• listicle •
li-sti-cêl • Hear it!
Part of Speech: Noun
Meaning: An article structured around a thematic list.
Notes: Today's Good Word has been around only since 2007, but it has found its way into the Merriam-Webster Dictionary, so it is no longer a nonce word. No one yet has cast listiculate as a verb meaning "to write a listicle".
In Play: The Web has several links to listicles like "8 Tips on How to Write a Great Listicle." Listicles are often clickbait, especially those found on news websites.

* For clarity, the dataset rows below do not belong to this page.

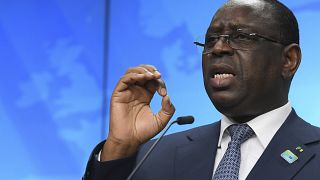 Senegal's President Macky Sall speaks during a media conference at the conclusion of an EU Africa summit in Brussels, Friday, Feb. 18, 2022.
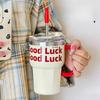 Stylish Straw Thermos Drinking Cup Big Cap Simple Coffee Cup Girls Office Stainless Water Mug Durable Durable Useful Useful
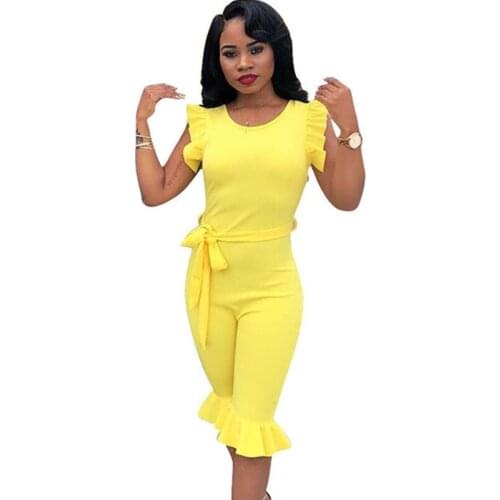 Sexy Summer Playsuits and Jumpsuits Women O-neck Sleeveless Ruffles Knee Length Bodysuit Casual Jumspuit Shorts Romper Overalls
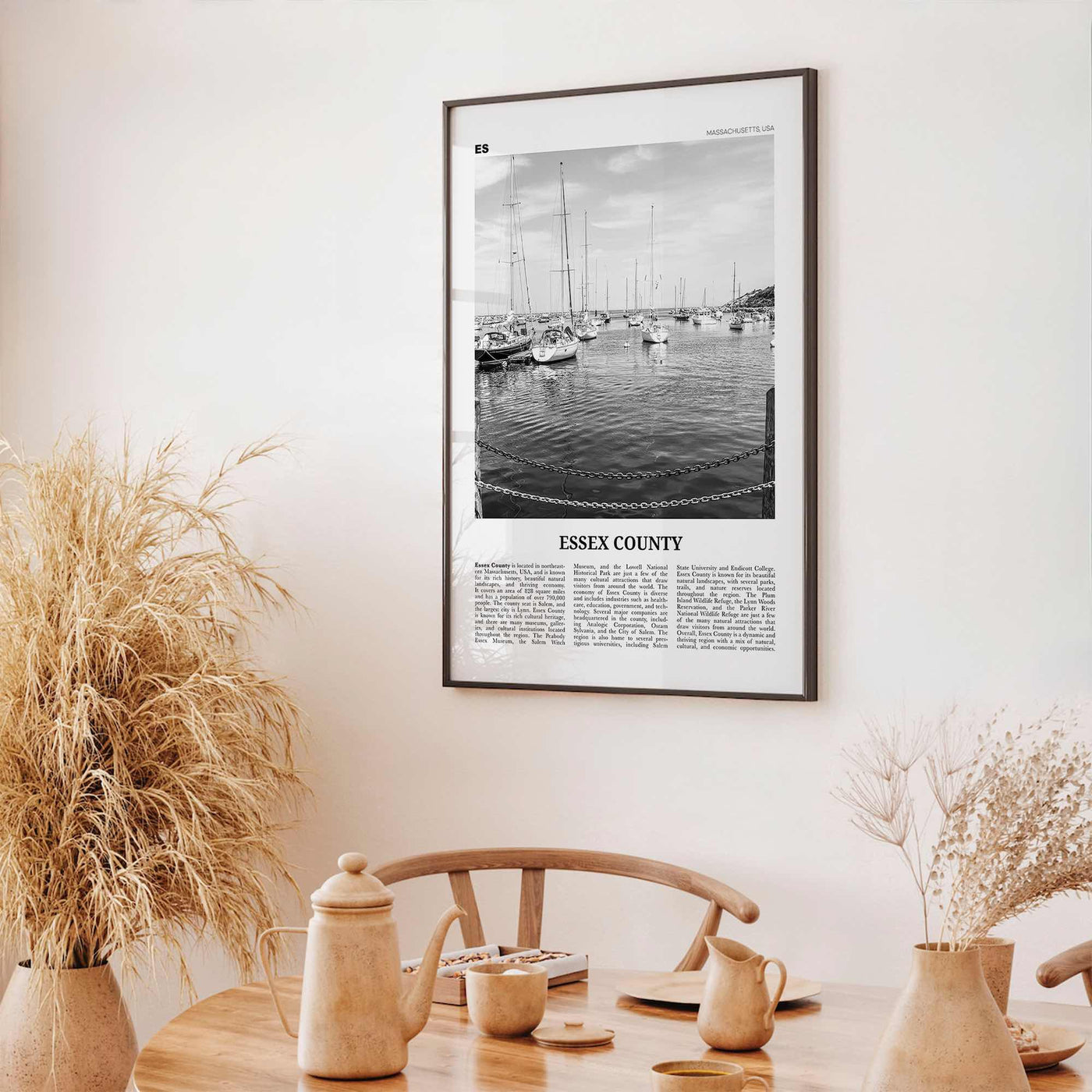 Essex County Print Black and White, Essex County Wall Art, Essex County Poster, Essex County Photo, Essex County Wall Décor, Essex Map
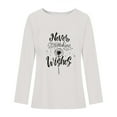 thumbnail image 3 of Jinhomg 2025 Fall Casual Sweatshirt for Women Trendy Long Sleeve Dandelion Letter Print Tops Oversized Cozy Round Neck T-Shirts Spring Saving Today White M, 3 of 4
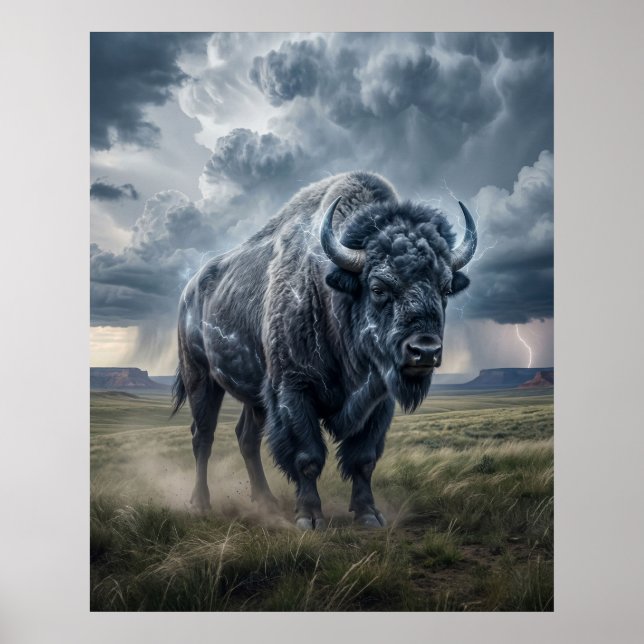 Åskbison Stormprärien Poster (Framsidan)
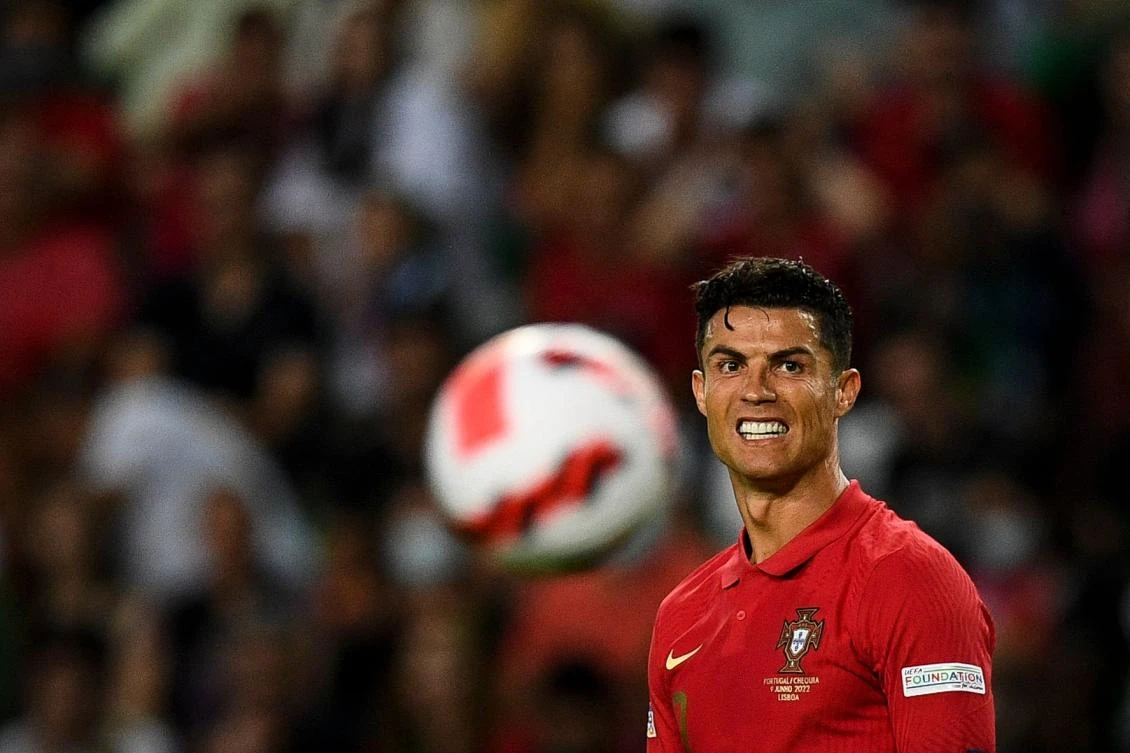 Portugal’s forward Cristiano Ronaldo reacts during their UEFA Nations League, league A group 2 match against Czech Republic at the Jose Alvalade stadium in Lisbon on Thursday. (AFP)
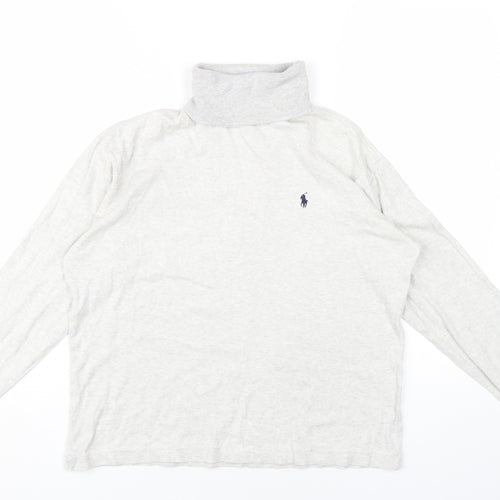 Ralph Lauren Sport Womens Grey Cotton Basic T-Shirt Size S Roll Neck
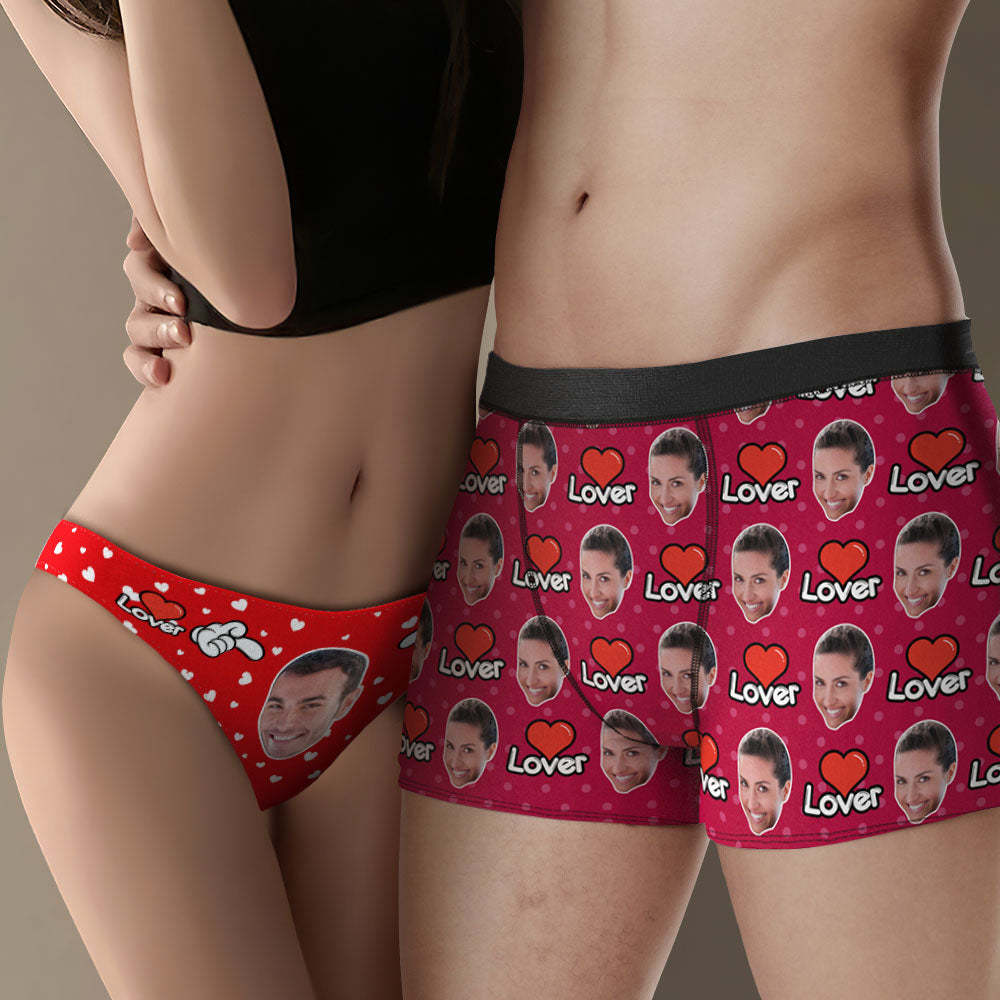 Passende Unterwäsche Für Paare Mit Individuellem Gesicht, Mehrfarbig, Süßer Liebhaber, Personalisierte Lustige Unterwäsche, Valentinstagsgeschenk - DePhotoBoxer
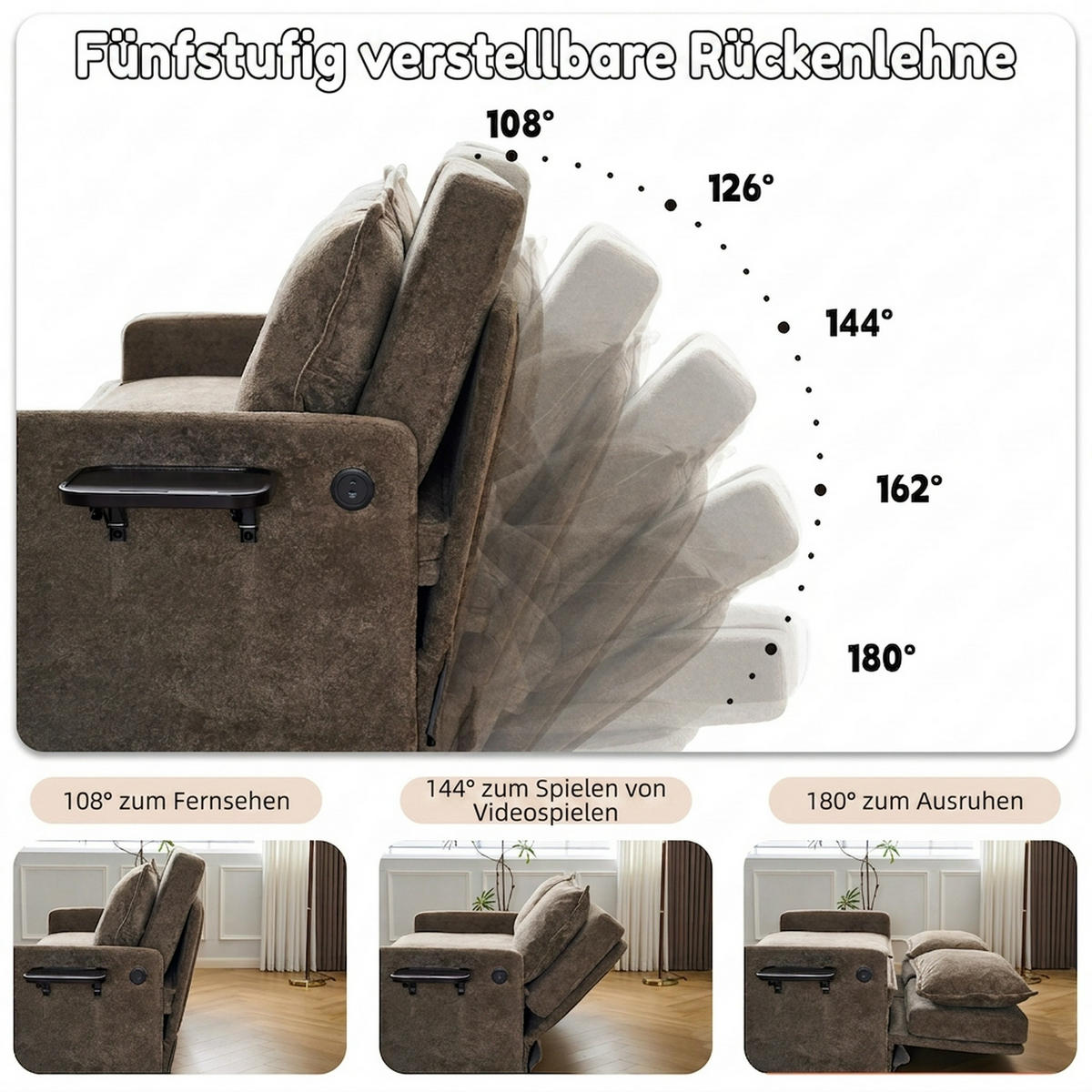 SCHLAFSOFA 172.5/71/95 cm Braun mit USB-Anschluss, 5-fach verstellbarer Rückenlehne und Stauraum - Braun, Textil (71/95/172.5cm) - Oxeza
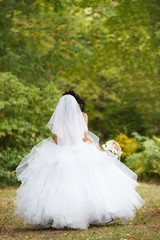 Fototapeta premium Bride. Wedding. Dress. Nature. White. Happiness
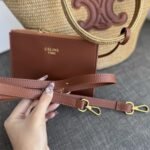 Celine Supple Small Triomphe Classic Panier In Raffia Tan 25Cm - Image 6
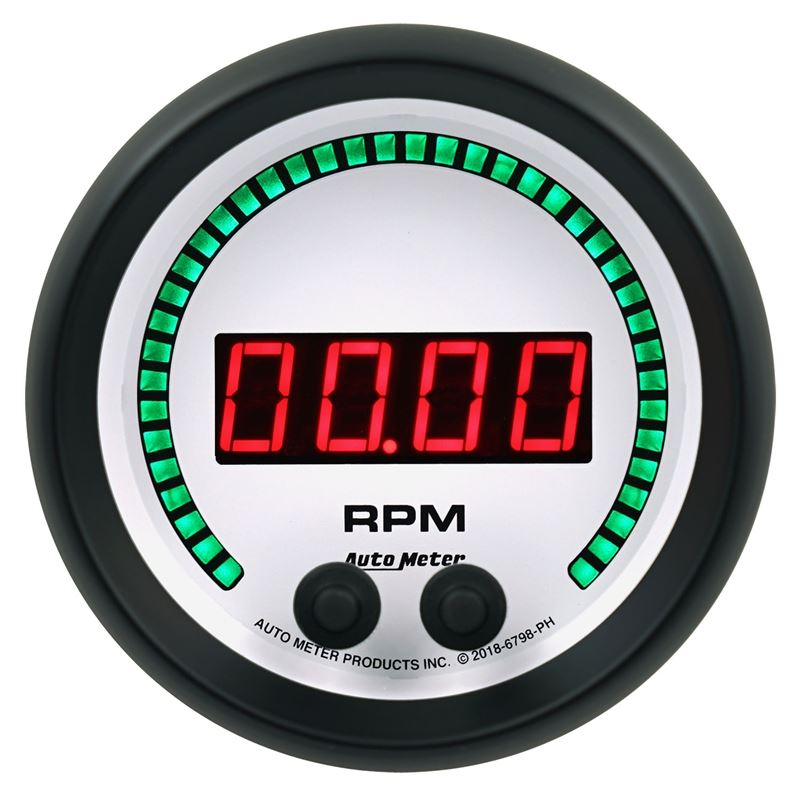 AutoMeter 85.7mm White 0-16K RPM Tachometer Phantom Elite Digital Gauge (6798-PH)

Word History: It is a blend of list and article. In Middle English it was liste "border, strip, stripe", borrowed from Old French or Italian lista, both with the same meaning. French and Italian borrowed their words from an ancient Germanic language, such as Old High German lista or Old Norse lista. Only the Germanic languages kept the PIE word, leizd-/loizd- "border, band. So, our word list originally referred to something long and narrow. Article comes from PIE ar- "fit together". The same word suffixed with -m produced English arm. In Latin the same word became artus "joint" with a diminutive articulus "small joint". Since the implication of joints is that they fit together, it became a metaphor for printed articles, which fit together in a book, magazine, or newspaper. (Our gratitude is due, again, to our long-time friend William Hupy for suggesting we catch up with the crowd and run today's new Good Word.)